Tuesday, April 13, 2010

I Know What You're Thinking...

“We simply assume that the way we see things is the way they really are or the way they should be. And our attitudes and behaviors grow out of these assumptions.” ~ Stephen Covey

My whole family often jokes about the fact that Angel, my parents’ cat, has forgotten he was ever a feline. Let me explain. Aside from living a golden life, the poor soul is given specific times when he is allowed to go out and get back home. No matter what time he is told to be back, he steps through the door at the exact time!

Angel was adopted nineteen years ago into a household of adults, with no children present in the home.
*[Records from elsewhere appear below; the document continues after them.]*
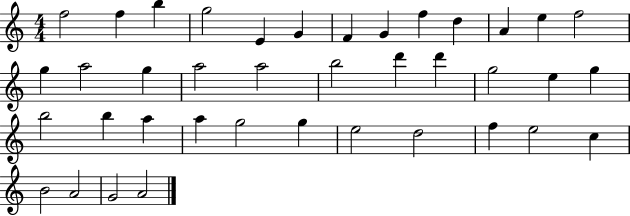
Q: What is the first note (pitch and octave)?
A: F5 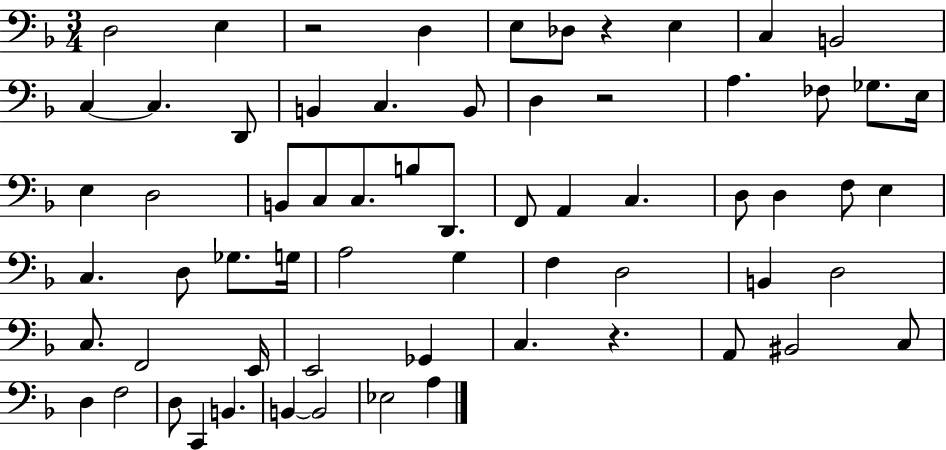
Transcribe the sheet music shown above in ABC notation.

X:1
T:Untitled
M:3/4
L:1/4
K:F
D,2 E, z2 D, E,/2 _D,/2 z E, C, B,,2 C, C, D,,/2 B,, C, B,,/2 D, z2 A, _F,/2 _G,/2 E,/4 E, D,2 B,,/2 C,/2 C,/2 B,/2 D,,/2 F,,/2 A,, C, D,/2 D, F,/2 E, C, D,/2 _G,/2 G,/4 A,2 G, F, D,2 B,, D,2 C,/2 F,,2 E,,/4 E,,2 _G,, C, z A,,/2 ^B,,2 C,/2 D, F,2 D,/2 C,, B,, B,, B,,2 _E,2 A, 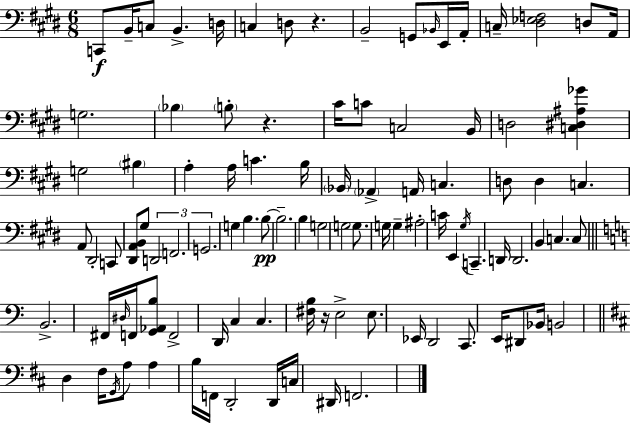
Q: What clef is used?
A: bass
In no time at all, he was crowned baby of the family – spoiled rotten and overly controlled. My parents and sister assume they know what he thinks and how he feels, and if I ever remind them he is a cat, from their reaction one would assume I have said the unthinkable.

Of course, as I am writing, I realize that I’m the pot calling the kettle back. Just yesterday, my daughter kept picking up our kitten, and was very adamant that he wanted to play with her – “hiding” into the fridge of her play kitchen was his idea of playing hide-and-go-seek, in her opinion. I told her to leave him alone several times, and then lost my patience. I told her that the kitten didn’t like it when someone picked him up constantly, and he wanted some space for himself. Now, was I reading the cat’s mind, or was I merely expressing what I would have liked in his place?
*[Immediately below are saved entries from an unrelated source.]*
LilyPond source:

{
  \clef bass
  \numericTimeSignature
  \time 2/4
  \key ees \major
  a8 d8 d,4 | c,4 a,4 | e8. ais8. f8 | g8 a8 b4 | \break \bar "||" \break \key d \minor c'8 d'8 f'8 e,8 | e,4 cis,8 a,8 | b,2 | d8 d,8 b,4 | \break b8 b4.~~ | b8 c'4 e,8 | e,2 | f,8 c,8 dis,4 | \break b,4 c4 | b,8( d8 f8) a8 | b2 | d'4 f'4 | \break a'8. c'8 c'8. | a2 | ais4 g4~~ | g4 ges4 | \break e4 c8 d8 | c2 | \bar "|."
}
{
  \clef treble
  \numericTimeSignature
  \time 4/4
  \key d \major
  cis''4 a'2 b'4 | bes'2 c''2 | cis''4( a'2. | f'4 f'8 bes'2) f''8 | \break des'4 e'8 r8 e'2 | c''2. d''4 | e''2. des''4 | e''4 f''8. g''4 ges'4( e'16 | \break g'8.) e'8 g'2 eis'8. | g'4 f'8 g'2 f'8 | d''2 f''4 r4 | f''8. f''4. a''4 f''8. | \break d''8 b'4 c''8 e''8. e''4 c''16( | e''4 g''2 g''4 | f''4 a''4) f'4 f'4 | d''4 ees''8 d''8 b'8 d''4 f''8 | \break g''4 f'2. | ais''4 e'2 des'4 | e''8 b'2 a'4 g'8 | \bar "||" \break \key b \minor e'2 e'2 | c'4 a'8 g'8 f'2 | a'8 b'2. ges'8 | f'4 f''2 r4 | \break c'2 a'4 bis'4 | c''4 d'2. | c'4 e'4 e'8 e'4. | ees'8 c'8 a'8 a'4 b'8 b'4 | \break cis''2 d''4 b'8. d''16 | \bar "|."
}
Our assumptions of what anyone aside from ourselves likes or feels are largely based on our individual perception. Our perception is often molded on a blueprint drawn overtime in our minds, and is hardly accurate or truthful. For example, let’s say that someone runs into a person they like a lot. If this individual says anything nice to them, they immediately assume this person likes them back, even if the object of their affection was merely being sociable.

Similarly, if someone is extremely insecure, they see betrayal lurking everywhere regardless of how loyal their partner is, or how much reassurance they are offered. Ultimately, we can’t assume anything. We can guess, but it would be wise to sit back and ask ourselves if our perception is likely to have been affected by our individual filters, which are created by our upbringing and our sense of self. As Peter Cajander, a writer, once said, nothing has any meaning except the one we give to it - everything simply is.